The results of an animal study, published in Cell Metabolism last month, found evidence of a complex neuronal network that responded to artificially sweetened food by telling the animal it hadn’t eaten enough energy. Researchers believed the results had implications for the global battle against obesity.

‘The brain recalibrates’

“After chronic exposure to a diet that contained the artificial sweetener sucralose, we saw that animals began eating a lot more,”​ said lead researcher, Associate Professor Greg Neely from the University of Sydney’s Faculty of Science. “Through systematic investigation of this effect, we found that inside the brain’s reward centres, sweet sensation is integrated with energy content.
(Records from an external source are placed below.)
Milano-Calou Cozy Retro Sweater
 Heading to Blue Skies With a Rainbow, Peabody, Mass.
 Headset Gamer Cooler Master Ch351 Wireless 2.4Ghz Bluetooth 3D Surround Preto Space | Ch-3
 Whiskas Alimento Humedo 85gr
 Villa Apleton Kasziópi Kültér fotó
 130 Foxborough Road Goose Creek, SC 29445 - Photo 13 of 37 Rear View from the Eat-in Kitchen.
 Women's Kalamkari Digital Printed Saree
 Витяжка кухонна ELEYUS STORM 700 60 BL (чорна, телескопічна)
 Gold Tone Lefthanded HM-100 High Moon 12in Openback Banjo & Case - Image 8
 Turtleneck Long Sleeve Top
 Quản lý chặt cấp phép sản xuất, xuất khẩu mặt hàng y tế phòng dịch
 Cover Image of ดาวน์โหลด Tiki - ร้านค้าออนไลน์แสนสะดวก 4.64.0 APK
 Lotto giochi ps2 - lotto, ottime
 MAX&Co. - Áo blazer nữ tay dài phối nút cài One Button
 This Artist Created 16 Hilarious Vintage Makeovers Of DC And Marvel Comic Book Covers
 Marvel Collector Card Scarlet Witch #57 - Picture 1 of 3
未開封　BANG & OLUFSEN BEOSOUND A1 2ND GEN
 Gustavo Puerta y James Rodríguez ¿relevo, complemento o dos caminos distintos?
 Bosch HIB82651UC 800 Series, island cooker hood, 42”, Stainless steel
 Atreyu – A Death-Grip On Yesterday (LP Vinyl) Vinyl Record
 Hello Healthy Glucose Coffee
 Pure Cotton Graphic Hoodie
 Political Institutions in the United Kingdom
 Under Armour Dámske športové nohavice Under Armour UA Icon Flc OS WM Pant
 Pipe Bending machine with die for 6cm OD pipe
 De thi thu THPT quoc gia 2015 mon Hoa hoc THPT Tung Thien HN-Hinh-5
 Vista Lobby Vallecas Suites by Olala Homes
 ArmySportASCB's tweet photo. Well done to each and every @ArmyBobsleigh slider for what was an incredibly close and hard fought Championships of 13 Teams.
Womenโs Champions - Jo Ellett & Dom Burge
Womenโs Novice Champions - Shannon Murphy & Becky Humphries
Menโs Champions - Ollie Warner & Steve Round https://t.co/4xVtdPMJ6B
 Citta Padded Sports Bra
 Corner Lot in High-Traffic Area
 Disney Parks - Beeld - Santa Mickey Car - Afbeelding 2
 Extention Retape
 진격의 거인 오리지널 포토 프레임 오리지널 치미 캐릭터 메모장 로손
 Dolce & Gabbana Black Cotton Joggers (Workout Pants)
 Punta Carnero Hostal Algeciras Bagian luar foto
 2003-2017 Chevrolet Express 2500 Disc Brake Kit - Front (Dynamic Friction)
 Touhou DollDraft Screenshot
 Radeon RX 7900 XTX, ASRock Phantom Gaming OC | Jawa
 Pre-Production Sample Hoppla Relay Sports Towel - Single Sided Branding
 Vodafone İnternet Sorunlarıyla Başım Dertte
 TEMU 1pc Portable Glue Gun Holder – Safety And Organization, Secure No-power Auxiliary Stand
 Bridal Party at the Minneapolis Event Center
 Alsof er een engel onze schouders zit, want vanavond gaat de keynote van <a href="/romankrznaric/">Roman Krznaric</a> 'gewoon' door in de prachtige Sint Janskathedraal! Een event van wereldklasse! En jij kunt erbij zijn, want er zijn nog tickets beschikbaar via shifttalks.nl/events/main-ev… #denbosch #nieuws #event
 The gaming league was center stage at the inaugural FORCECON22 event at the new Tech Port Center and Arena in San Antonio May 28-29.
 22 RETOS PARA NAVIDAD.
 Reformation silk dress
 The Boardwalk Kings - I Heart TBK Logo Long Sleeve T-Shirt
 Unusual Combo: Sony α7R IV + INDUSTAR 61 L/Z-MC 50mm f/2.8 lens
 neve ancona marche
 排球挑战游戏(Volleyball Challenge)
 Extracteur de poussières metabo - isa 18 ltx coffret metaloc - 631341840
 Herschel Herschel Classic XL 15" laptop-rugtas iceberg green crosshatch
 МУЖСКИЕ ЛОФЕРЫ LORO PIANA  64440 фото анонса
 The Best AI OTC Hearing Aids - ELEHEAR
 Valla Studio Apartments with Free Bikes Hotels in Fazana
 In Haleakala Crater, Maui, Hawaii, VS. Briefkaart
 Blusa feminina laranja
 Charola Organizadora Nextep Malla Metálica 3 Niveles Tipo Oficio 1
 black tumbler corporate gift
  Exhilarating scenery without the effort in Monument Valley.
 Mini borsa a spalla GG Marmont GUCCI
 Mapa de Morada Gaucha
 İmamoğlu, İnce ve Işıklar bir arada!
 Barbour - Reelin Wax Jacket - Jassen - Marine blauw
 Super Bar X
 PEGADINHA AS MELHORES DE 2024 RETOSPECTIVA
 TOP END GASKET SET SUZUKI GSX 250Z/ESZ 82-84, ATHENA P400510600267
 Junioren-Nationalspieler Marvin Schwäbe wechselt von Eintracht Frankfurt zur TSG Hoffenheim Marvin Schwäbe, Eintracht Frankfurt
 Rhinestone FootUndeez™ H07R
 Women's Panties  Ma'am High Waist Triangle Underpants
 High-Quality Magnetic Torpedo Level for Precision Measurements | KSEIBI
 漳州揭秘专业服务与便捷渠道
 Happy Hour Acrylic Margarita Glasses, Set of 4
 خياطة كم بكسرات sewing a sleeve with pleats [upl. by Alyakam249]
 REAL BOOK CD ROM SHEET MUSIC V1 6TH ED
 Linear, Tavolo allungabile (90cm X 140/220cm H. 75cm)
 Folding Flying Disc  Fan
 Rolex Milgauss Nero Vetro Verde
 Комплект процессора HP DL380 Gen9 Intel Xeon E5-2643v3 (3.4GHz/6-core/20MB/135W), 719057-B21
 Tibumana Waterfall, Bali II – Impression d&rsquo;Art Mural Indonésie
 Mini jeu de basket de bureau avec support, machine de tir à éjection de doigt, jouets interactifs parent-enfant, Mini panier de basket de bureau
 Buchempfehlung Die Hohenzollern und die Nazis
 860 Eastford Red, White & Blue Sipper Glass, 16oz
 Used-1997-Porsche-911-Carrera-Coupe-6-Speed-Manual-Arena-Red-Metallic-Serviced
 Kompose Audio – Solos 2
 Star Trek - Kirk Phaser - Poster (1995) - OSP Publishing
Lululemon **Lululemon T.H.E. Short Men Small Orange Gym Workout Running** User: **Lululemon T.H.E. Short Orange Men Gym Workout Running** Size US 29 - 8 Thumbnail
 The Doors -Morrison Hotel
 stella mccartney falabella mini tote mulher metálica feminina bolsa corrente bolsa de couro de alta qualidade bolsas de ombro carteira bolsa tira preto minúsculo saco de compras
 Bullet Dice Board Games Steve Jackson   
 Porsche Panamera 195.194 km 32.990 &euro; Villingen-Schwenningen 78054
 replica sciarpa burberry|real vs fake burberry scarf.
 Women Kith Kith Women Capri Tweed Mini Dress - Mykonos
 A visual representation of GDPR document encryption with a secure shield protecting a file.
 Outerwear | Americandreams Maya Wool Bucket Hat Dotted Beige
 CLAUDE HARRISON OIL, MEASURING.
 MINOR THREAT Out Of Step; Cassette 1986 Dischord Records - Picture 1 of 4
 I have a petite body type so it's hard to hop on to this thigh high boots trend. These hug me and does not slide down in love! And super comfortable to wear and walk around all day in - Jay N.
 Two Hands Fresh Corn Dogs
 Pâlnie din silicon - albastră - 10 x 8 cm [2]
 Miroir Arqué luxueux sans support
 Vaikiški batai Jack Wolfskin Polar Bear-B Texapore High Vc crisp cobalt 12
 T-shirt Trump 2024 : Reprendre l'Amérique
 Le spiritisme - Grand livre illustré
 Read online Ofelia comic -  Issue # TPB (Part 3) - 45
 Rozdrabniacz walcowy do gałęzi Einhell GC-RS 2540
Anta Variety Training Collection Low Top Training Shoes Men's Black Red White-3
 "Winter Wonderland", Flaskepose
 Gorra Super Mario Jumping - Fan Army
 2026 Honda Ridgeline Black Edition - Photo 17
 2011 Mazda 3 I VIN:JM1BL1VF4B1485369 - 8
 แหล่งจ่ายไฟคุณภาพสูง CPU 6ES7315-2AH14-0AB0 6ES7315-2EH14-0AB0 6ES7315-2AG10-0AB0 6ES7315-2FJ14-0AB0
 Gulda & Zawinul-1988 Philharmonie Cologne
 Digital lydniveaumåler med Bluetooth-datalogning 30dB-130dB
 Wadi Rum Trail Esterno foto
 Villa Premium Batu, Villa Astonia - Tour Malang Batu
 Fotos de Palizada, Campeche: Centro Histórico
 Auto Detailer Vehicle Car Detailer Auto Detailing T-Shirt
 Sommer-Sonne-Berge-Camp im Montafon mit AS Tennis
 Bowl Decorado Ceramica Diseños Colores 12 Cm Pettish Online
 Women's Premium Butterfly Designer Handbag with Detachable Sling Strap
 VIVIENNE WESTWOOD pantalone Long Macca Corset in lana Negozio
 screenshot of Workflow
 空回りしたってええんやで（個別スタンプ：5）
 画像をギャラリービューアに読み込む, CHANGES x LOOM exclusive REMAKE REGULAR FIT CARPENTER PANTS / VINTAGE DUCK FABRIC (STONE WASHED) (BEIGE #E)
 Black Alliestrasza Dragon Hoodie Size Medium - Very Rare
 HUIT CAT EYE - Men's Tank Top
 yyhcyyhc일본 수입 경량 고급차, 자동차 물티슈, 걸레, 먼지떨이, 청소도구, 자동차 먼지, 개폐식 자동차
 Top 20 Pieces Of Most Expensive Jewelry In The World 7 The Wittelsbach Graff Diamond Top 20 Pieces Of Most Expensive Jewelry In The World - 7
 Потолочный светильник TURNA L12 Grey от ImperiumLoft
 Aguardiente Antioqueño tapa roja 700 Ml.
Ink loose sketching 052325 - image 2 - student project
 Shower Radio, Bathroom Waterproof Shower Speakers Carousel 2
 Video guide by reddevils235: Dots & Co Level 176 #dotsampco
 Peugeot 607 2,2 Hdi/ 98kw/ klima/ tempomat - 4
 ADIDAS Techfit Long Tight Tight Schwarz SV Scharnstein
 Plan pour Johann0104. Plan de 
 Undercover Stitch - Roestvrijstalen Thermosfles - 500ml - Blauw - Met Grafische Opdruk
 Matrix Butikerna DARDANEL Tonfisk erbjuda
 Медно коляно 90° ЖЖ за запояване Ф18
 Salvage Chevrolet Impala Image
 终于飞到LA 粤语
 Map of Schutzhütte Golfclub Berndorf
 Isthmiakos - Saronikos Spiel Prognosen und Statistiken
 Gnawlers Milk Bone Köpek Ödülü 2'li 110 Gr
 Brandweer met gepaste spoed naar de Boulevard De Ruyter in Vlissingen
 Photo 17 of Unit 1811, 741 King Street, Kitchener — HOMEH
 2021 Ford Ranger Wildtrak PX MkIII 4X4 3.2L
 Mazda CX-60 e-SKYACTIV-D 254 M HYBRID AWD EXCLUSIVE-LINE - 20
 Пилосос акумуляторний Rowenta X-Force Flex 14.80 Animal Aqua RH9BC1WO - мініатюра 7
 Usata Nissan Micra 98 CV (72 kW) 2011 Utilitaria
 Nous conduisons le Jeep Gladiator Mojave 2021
When sweetness versus energy is out of balance for a period of time, the brain recalibrates and increases total calories consumed.”

Claim was refuted

However, the claim was refuted by The International Sweeteners Association (ISA), which argued that there was a broad body of scientific evidence from human studies that showed low-calorie sweeteners were not associated with an increase in appetite, but were effective in reducing energy intake and body weight.

In the study, fruit flies exposed to a diet laced with artificial sweeteners for more than five days were found to consume 30% more calories than when they were then given naturally sweetened food. The study was replicated using mice, with similar results.

“The pathway we discovered is part of a conserved starvation response that actually makes nutritious food taste better when you are starving,”​ added Neely.